40/01 Verwaltungsverfahren;

Norm

AVG §71;

Betreff

Der Verwaltungsgerichtshof hat durch den Vorsitzenden Senatspräsident Dr. Hoffmann und die Hofräte Dr. Fürnsinn und Dr. Germ als Richter, im Beisein des Schriftführers Mag. Simetzberger, über die Beschwerde des M in S, vertreten durch Dr. R, Rechtsanwalt, gegen den Bescheid des Unabhängigen Verwaltungssenates Salzburg vom 19. Jänner 1995, Zl. UVS-11/234/3-1995, betreffend Abweisung einer Berufung in Angelegenheit eines Wiedereinsetzungsantrages, zu Recht erkannt:

Spruch

Die Beschwerde wird als unbegründet abgewiesen.

Begründung

Der Verwaltungsgerichtshof geht auf Grund der Beschwerde und des mit der Beschwerde vorgelegten angefochtenen Bescheides von Folgendem aus:

Vom Magistrat Salzburg erging am 7. Jänner 1994 gegen den Beschwerdeführer ein Straferkenntnis, welches dem Beschwerdevertreter am 12. Jänner 1994 zugestellt wurde. Die Frist für die Erhebung einer Berufung gegen dieses Straferkenntnis lief damit am 26. Jänner 1994 ab.

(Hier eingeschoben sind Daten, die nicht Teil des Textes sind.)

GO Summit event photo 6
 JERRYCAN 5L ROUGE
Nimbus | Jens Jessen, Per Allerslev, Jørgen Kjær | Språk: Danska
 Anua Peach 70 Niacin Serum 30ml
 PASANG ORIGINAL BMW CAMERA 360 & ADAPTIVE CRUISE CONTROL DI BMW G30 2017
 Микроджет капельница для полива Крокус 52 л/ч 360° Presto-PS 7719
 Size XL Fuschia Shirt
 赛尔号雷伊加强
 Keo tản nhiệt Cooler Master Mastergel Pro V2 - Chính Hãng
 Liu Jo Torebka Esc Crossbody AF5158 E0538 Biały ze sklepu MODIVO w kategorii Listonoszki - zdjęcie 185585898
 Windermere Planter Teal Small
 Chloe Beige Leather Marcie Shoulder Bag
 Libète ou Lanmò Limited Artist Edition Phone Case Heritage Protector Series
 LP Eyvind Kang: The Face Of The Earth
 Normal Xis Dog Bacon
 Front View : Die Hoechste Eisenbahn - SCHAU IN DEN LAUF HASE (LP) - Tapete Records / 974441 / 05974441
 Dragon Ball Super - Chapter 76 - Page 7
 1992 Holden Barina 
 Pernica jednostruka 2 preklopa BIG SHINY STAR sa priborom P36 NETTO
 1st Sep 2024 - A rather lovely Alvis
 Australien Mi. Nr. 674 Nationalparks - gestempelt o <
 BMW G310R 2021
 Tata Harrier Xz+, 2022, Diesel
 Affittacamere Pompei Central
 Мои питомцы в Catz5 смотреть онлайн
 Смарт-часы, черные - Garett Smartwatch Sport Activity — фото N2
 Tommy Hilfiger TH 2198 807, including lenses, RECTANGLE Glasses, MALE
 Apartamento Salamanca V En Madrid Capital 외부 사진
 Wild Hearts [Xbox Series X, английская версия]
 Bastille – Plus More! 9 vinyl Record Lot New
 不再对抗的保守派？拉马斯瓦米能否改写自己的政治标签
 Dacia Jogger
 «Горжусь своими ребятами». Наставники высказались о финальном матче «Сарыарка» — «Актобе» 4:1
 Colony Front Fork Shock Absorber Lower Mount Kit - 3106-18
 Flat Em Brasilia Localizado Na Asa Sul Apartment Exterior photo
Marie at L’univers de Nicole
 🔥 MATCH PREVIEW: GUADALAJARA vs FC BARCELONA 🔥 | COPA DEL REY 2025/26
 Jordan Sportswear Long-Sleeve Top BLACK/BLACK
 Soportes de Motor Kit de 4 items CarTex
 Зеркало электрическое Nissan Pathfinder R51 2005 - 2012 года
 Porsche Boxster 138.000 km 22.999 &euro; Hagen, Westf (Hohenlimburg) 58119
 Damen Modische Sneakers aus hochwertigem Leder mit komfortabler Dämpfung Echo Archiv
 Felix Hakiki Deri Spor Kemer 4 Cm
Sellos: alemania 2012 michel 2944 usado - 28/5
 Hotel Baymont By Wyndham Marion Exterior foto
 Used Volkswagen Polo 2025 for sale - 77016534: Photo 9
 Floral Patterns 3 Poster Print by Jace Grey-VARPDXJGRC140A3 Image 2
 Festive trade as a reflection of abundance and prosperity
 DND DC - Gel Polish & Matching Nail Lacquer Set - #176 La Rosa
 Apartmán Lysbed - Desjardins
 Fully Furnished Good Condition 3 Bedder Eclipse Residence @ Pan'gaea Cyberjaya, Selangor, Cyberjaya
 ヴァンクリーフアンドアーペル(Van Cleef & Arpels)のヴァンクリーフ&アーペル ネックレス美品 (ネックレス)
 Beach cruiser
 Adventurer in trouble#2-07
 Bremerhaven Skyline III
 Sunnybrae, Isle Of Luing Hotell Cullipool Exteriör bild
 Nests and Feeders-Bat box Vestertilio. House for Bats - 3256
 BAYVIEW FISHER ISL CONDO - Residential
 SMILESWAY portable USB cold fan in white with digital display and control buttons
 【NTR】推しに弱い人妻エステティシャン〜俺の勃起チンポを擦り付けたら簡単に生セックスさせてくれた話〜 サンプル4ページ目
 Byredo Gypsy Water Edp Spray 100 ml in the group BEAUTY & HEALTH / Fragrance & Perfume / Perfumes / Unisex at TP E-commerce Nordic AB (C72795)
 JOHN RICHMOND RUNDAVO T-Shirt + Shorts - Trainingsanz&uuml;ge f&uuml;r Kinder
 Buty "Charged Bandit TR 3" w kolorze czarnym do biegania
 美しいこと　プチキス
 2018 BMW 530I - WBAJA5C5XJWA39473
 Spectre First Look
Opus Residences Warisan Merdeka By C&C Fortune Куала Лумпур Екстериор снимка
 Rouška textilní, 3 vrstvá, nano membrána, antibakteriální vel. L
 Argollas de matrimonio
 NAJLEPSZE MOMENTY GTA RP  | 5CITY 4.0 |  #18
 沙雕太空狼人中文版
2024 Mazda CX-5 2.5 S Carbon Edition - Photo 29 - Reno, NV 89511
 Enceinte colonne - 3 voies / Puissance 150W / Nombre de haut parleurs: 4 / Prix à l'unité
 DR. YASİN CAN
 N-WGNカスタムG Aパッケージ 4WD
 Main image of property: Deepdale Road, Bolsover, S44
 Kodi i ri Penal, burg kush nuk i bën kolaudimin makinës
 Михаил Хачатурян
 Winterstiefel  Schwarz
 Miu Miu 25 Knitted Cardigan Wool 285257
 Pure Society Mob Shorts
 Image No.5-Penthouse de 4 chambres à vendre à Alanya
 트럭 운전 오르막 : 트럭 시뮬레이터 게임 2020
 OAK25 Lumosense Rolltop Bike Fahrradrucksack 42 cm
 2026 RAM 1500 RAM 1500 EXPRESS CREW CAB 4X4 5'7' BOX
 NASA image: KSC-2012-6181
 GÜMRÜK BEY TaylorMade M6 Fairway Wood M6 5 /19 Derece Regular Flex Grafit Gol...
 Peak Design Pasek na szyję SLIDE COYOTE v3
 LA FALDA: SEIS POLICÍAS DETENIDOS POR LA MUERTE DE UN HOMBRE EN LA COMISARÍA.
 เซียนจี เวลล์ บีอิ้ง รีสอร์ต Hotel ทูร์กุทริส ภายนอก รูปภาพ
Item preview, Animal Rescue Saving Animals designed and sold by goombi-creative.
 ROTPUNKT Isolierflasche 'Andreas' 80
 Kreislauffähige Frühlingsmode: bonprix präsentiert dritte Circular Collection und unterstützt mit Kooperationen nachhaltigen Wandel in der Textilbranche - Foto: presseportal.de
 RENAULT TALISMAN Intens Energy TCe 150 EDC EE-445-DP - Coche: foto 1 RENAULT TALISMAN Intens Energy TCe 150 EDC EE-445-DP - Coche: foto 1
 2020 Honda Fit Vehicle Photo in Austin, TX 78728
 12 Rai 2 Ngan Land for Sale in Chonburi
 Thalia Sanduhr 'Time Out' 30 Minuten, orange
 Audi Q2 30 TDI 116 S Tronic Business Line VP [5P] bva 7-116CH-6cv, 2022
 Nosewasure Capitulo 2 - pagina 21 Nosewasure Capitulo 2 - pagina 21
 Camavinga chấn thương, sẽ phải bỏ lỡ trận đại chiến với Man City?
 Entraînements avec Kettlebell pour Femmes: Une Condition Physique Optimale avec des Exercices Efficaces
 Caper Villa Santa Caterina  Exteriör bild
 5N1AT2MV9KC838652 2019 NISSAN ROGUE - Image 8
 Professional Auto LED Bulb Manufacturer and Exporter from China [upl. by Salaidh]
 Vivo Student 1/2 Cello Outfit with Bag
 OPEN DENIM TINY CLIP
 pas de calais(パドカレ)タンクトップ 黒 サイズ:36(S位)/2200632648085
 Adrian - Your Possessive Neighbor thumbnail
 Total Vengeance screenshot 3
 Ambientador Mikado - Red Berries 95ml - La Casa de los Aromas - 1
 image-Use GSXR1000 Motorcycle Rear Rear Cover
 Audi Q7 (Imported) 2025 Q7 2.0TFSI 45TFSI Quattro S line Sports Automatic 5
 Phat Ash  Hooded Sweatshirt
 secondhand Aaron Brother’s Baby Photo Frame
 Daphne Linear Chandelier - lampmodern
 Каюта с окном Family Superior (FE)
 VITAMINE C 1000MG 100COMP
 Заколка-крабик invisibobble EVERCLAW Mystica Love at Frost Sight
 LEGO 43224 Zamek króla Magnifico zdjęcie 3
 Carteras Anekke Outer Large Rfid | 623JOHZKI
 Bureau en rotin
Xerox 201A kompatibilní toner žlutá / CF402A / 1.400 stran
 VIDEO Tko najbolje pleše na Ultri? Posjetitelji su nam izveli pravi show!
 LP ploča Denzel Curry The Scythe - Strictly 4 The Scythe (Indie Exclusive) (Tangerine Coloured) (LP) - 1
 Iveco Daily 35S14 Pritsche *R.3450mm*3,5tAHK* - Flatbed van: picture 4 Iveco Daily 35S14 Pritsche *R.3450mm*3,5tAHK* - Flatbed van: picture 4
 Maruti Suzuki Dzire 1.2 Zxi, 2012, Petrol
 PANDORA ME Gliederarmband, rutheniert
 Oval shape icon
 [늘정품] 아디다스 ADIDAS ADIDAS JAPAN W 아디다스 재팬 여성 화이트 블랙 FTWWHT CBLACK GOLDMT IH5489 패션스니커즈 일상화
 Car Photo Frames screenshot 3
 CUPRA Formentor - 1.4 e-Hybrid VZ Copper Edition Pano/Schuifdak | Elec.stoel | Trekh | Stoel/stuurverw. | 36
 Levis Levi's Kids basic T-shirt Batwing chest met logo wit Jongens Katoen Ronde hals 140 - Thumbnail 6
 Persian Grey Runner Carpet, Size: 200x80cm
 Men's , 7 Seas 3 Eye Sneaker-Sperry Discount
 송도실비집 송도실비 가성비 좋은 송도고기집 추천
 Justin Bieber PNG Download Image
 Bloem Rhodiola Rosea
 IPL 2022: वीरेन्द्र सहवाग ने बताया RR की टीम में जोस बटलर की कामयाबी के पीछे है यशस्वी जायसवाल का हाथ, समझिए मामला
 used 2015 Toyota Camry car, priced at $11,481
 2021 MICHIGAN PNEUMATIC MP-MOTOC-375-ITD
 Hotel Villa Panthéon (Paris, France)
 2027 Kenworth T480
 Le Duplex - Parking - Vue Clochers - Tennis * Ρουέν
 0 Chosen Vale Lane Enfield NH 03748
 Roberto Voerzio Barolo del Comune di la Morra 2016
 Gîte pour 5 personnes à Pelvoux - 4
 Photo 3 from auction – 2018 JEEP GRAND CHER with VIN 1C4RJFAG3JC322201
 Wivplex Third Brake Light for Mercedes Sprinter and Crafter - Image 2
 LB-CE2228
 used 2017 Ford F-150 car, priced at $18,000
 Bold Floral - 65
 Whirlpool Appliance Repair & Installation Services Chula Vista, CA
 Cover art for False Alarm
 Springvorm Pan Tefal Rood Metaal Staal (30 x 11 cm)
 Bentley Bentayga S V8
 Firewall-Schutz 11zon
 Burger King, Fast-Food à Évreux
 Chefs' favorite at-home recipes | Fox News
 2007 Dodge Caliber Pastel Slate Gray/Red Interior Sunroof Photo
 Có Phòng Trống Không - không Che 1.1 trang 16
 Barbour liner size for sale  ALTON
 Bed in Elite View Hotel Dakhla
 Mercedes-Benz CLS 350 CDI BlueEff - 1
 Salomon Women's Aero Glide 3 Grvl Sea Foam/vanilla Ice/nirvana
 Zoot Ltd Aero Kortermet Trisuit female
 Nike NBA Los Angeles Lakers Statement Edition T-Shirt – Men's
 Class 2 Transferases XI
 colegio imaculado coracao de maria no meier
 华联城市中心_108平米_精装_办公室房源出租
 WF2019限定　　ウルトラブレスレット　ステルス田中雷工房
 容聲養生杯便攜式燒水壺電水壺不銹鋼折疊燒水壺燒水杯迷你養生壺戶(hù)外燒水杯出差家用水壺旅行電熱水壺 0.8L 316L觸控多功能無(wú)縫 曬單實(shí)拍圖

Der Beschwerdevertreter brachte erst am 27. Jänner 1994 die Berufung ein, die zurückgewiesen wurde.

Der daraufhin am 28. März 1994 eingebrachte Wiedereinsetzungsantrag wurde mit Bescheid des Magistrates Salzburg vom 27. Juni 1994 als unbegründet abgewiesen.

Gegen diese Entscheidung wurde am 18. Juli 1994 fristgerecht das Rechtsmittel der Berufung eingebracht, dem mit dem angefochtenen Bescheid gemäß § 66 Abs. 4 in Verbindung mit § 71 AVG keine Folge gegeben wurde.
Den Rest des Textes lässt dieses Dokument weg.